A consortium of leading professors, scientists, industry stakeholders, and 80 organizations collaborated in drafting the pitch for the €615 million bid. The budget will help rapidly scale the national agenda’s multi-year program, which is organized around four pillars: R&D, talent development, market creation, and societal impact. With this funding, the quantum industry in the Netherlands projects it will create 30,000 high-tech jobs and have a cumulative economic impact of €5 to 7 billion. According to a recent Boston Consulting Group report, the market for quantum could grow to around $300 billion worldwide by 2050.

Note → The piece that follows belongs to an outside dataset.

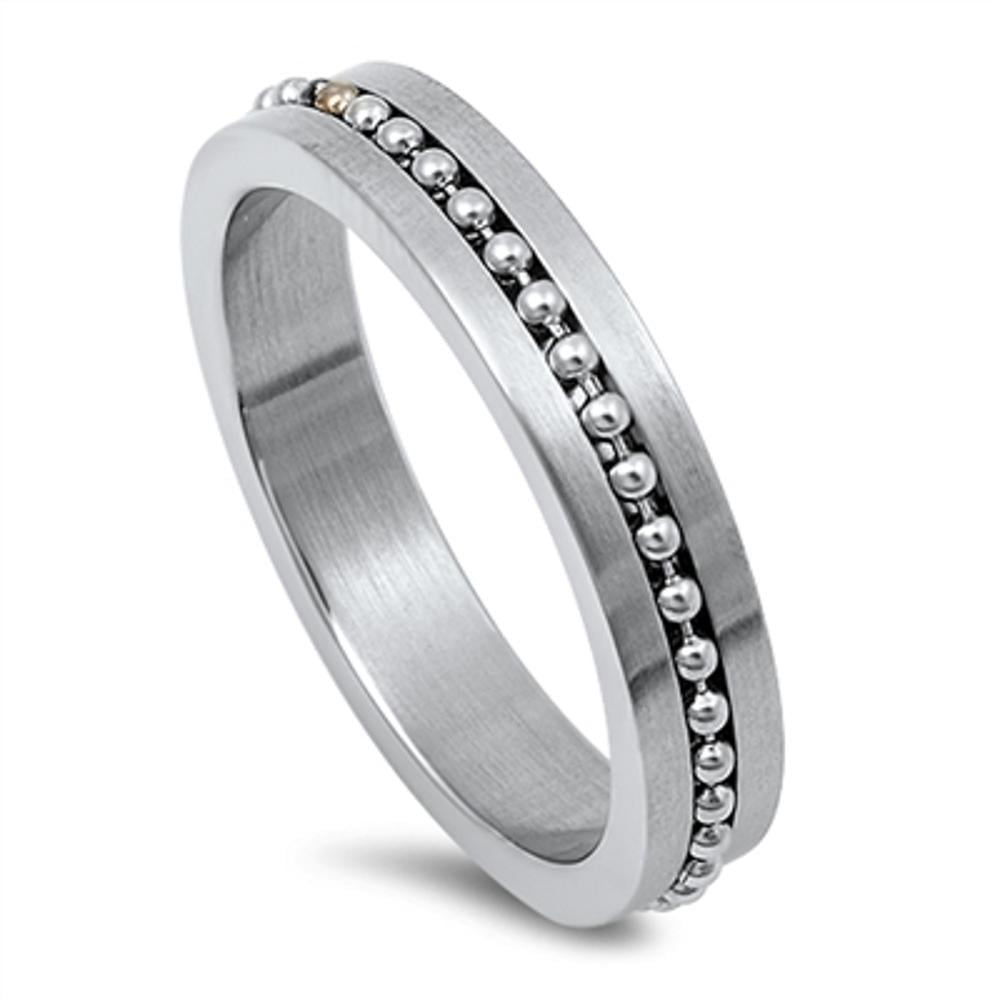 Men's Steel Black Chain Ring | Gogo Lush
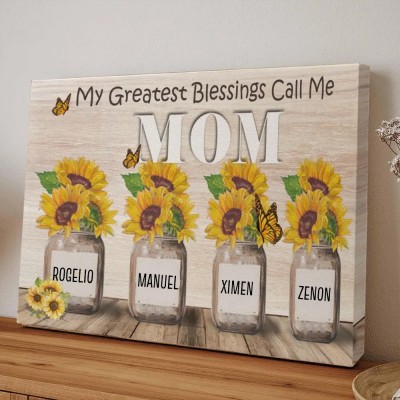 My Greatest Blessings Call Me Mom Personalized Mom Sunflower Wood Sign With Kids Name For Mother's Day Gift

“An ecosystem approach was activated where the academic, public, private and government sectors work symbiotically to drive the initiative forward. While the Netherlands has already matured from strategy to the execution phase of the NAQT, this critical funding is needed to scale the ecosystem in all its facets: people, facilities and capital,” said Freeke Heijman, Director of Quantum Delta NL.
The funding provides the Netherlands with a unique opportunity to convert its lead in quantum technology into sustainable earning power for the benefit of Europe as a whole. The Netherlands has a long track record of innovation in quantum technology and continues to play a leading role in building a world-class European quantum ecosystem. For example, Dutch researchers lead the development of semiconductor and germanium quantum processors, the use of entanglement for a quantum Internet, and the launch of the first European quantum computer in the cloud.
Quantum Delta NL is focused on supporting the complete ecosystem by providing companies with the infrastructure necessary to build quantum computers. The geography of the Netherlands works as an advantage: all major clusters are within a 1-hour drive from each other and function as a single, interconnected ecosystem. Through its focus on enabling partnerships, Quantum Delta NL is uniquely qualified to fuel the development of quantum technology globally.